English · Español

Phase 01 — Hardware & Computing Substrate¶

Requires: 00 — Project Foundations & Learning Methodology Teaches: memory-hierarchy · roofline · arithmetic-intensity · cache · latency · bandwidth Jump to any chapter from the phase reference index.

Chapter map¶

Pre-written per A12. This phase entry exists before Borja begins study. Theory and lab problem statements are stable drafts; solutions are written just-in-time at phase open.

🇪🇸 Antes de las redes neuronales, el silicio. Aquí construimos el modelo mental que explica por qué matmul ingenuo es lento incluso en una CPU moderna: no son las multiplicaciones, es la memoria.

Goal¶

A mechanical understanding of the machine Borja is running on — enough that "this kernel is bandwidth-bound" is a statement Borja can prove with measurements on his own laptop, not a phrase he repeats from textbooks.

Read order¶

theory/00-motivation.md — why this phase exists at all.
theory/01-from-transistor-to-cpu.md — bottom-up: transistor → gate → ALU → pipeline → branch prediction.
theory/02-memory-hierarchy.md — caches, DRAM, NUMA, PCIe, SSD; latency vs bandwidth.
theory/03-roofline-model.md — the unified visual model that ties compute and memory together. The most important theory page in this phase.
lab/00-machine-profile.md — collect ground-truth specs of your machine (lscpu, lstopo, dmidecode, etc.). One-shot.
lab/01-memcpy-bandwidth.md — measure RAM bandwidth empirically.
lab/02-cache-walks.md — see the cache hierarchy via timing.
lab/03-roofline-plot.md — final integration: plot your machine's roofline and place naive matmul on it.

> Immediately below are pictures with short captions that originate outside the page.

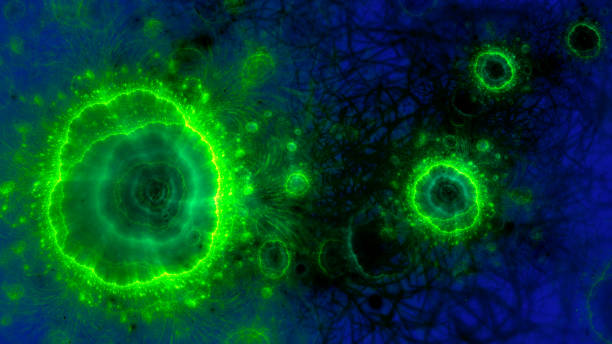 Bioluminescent jellyfish or micro organisms, abstract fractal art background.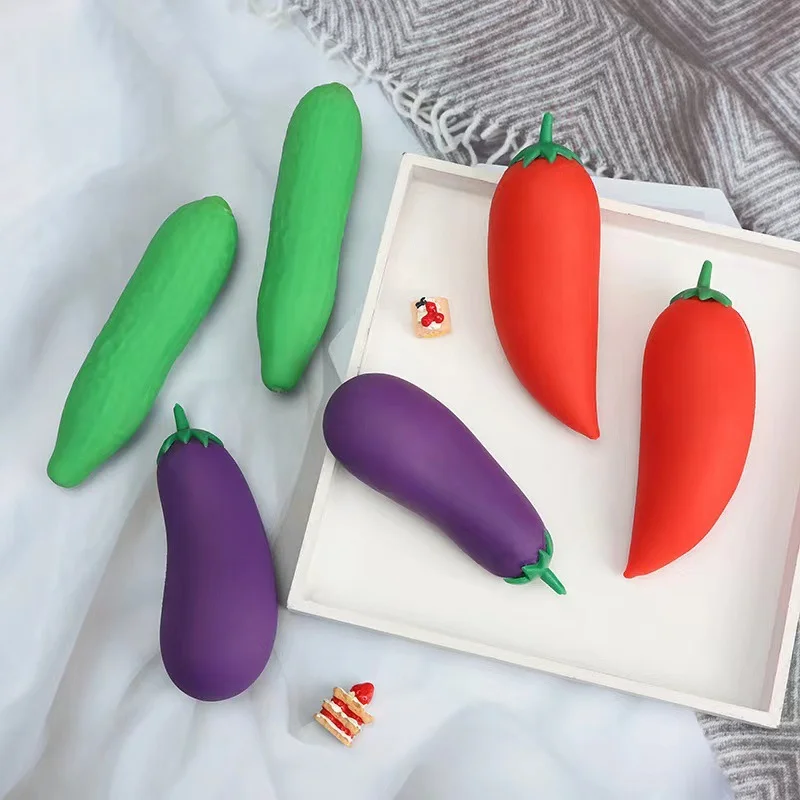 

Fruits Squeeze Toys Squishy Banana Carrot Kids Adults Venting Eggplant Lala Simulation Vegetable Pepper Decompression Vent Toys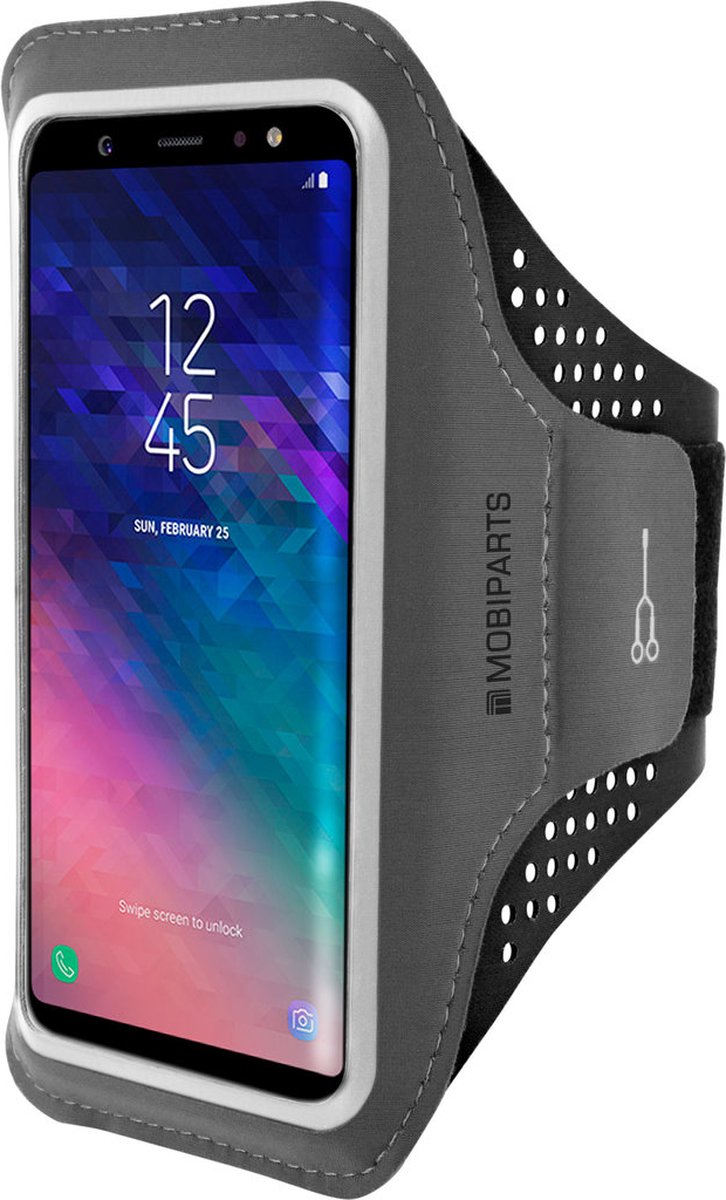Hardloop Sportarmband geschikt voor Samsung Galaxy A6+ (2018) - Zwart - Mobiparts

solutions/ is empty during pre-write — populated at phase open after Borja's prior-phase API decisions are visible.

Definition of Done¶

See PHASE_01_PLAN.md §6. Briefly:

Roofline plot of your machine in experiments/01-roofline/.
Each experiment has a manifest.json (per LYNX_CORTEX.md §5).
You can argue, with measurements, why naive fp32 matmul on an N×N matrix is bandwidth-bound for some N and compute-bound for others.

What this phase intentionally does NOT cover¶

GPUs. Deferred to Phase 23.
Distributed memory. Phase 35.
Numerical accuracy of those operations. Phase 2.
SIMD instructions in detail. Touched here, deepened in Phase 24 (Triton/CUDA).

Phase 1's scope is the single-CPU memory + compute pipeline. Nothing more.